Finito il tormentone delle liste, il dibattito elettorale si sposterà ora verso i programmi. Dovrebbe essere la parte più interessante e rilevante della campagna, quella in cui si affrontano temi che toccano nel vivo i nostri interessi e valori. E in queste elezioni la posta in gioco è particolarmente elevata.

Nell’ultimo mese i vari leader hanno promesso mari e monti. È comprensibile che molti cittadini nutrano adesso seri dubbi sulla loro credibilità programmatica. Non vale la pena approfondire più di tanto, si pensa: quelle dei partiti sono solo promesse da marinaio. Dobbiamo però resistere alla rassegnazione. La democrazia serve a selezionare non solo i nostri rappresentanti, ma anche le loro idee.

Nella maggior parte dei paesi gli impegni presi con gli elettori non sono parole inconcludenti, ma contano davvero. Uno studio recente, condotto da un’equipe internazionale, ha raccolto l’insieme delle promesse concrete fatte dai partiti di 12 Paesi negli ultimi 20 anni e le ha confrontate con le misure adottate dai governi dopo le elezioni. Il risultato è che più del 60% degli impegni sono stati effettivamente mantenuti. Il Paese con il tasso più alto di attuazione è il Regno Unito (il 90%), seguito dalla Svezia (80%). Ma anche Portogallo (78%) e Spagna (72%) se la cavano molto bene. La serietà dei partiti non dipende dalla latitudine.

I casi più virtuosi sono quelli in cui c’è un partito che conquista la maggioranza assoluta e governa da solo. Come sappiamo, non accade più molto spesso di questi tempi, neppure in Gran Bretagna. I governi di coalizione hanno tassi di attuazione più ridotti. Ad esempio la Germania si attesta al 62%. E giocano un ruolo anche la durata in carica e il tipo di coalizione. L’instabilità e la presenza al governo di partiti «populisti» di centro-destra si associano a tassi di attuazione inferiori alla media: è il caso dell’ Olanda (57%) o dell’ Austria (50%).

Nei governi sostenuti da più partiti conta molto la Presidenza del Consiglio. Chi la controlla riesce a mantenere una quota più alta dei propri impegni. Infine è importante la presenza di procedure e meccanismi decisionali che limitino i poteri di veto, ad esempio quelli delle regioni.

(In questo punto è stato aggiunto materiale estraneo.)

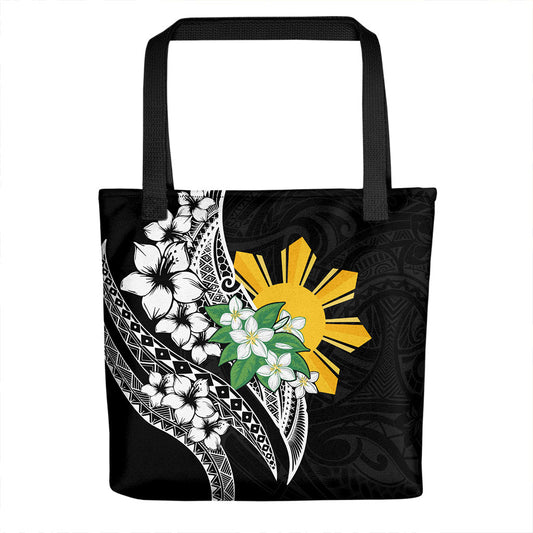 Philippines Filipino Tote Bag Tribal Tattoo With Sampaguita Flower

Come da copione, l’ Italia ha il tasso di attuazione più basso di tutto il campione: 45%. Solo il governo Prodi (1996-98) e quello Berlusconi II (2001-2006) hanno fatto meglio, superando il 50%. Sempre fascia bassa ma almeno decente, fra l’Irlanda e l’ Olanda.

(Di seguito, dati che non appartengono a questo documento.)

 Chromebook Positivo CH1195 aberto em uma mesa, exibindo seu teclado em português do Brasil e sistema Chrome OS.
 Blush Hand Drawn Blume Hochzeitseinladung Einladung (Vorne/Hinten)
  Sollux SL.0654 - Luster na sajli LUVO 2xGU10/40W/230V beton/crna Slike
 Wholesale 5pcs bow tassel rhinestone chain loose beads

Se il quadro è questo, dopo il voto del quattro marzo si profilano purtroppo tutte le condizioni per una tempesta perfetta. Sarà difficile formare un governo (quasi sicuramente di coalizione),definire una linea programmatica condivisa e coerente e, soprattutto, tradurla in pratica. Oltre a una lunga tradizione di instabilità, frammentazione e a un assetto istituzionale pieno di punti di veto, sconteremo gli effetti di una legge elettorale disastrosa.

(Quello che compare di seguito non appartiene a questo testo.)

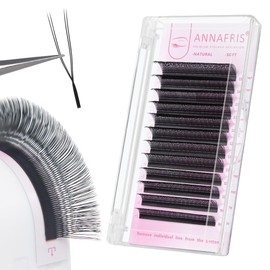 ANNAFRIS U-YY Eyelash Extensions, 0.07 D, 8-15 mm, Ready-to-Use Fan Eyelash Extensions, Premade Fan Lashes (U-YY, 0.07D, 8-15 mm)
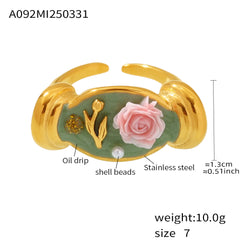 Rose Enamel and Freshwater Pearl Ring Designs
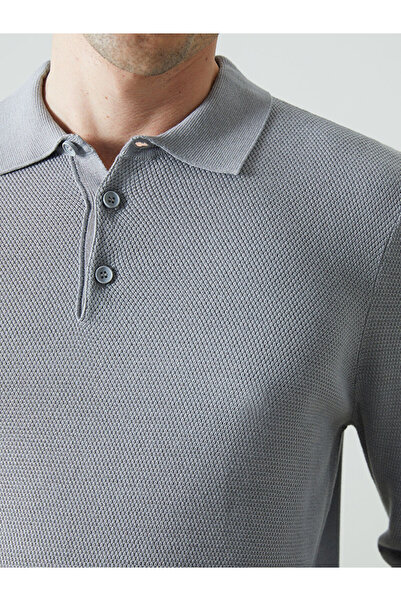 LC Waikiki Ανδρικό πλεκτό πουλόβερ LCWAIKIKI Classic Polo λαιμόκοψη μακρυμάνικο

Allora ha ragione chi pensa che sia inutile dibattere sui programmi? Assolutamente no. Proprio perché c’è il rischio di tempesta perfetta, dobbiamo considerare con molta attenzione le proposte dei partiti, valutandole sotto due prospettive. Chiamerei la prima «innovatività sostenibile»: impegni al cambiamento, anche incisivo, purché precisi nell’imputazione dei costi. La seconda è invece la «responsabilità di sistema»: parole chiare sui temi del debito pubblico, dell’euro, della politica estera e di sicurezza. E anche sull’immigrazione, l’ ordine pubblico e lo stato di diritto. Come dimostrano i fatti di Macerata, vi è il pericolo di orribili rigurgiti xenofobi e illiberali, persino di esplosioni di violenza. Occorre fare ogni sforzo per stanare i partiti su questi due fronti, costringendoli in particolare a fornire garanzie su quello della responsabilità.

Negli ultimi anni alcuni Paesi hanno attraversato acque tempestose, addirittura senza governi legittimati dal Parlamento: pensiamo al Belgio, alla Spagna o all’ Olanda. La stessa Germania non è ancora uscita dal caos post-elettorale. Sbaglieremmo tuttavia a pensare che, in fondo, la stabilità non sia così importante, che economia e società possano funzionare anche senza «la politica». In quei Paesi, la difficoltà a formare un governo non ha provocato danni perché i partiti maggiori sono riusciti a tenersi lontano dall’avventurismo. E, soprattutto, a mantenere ben salde le ancore dell’Europa e della democrazia liberale.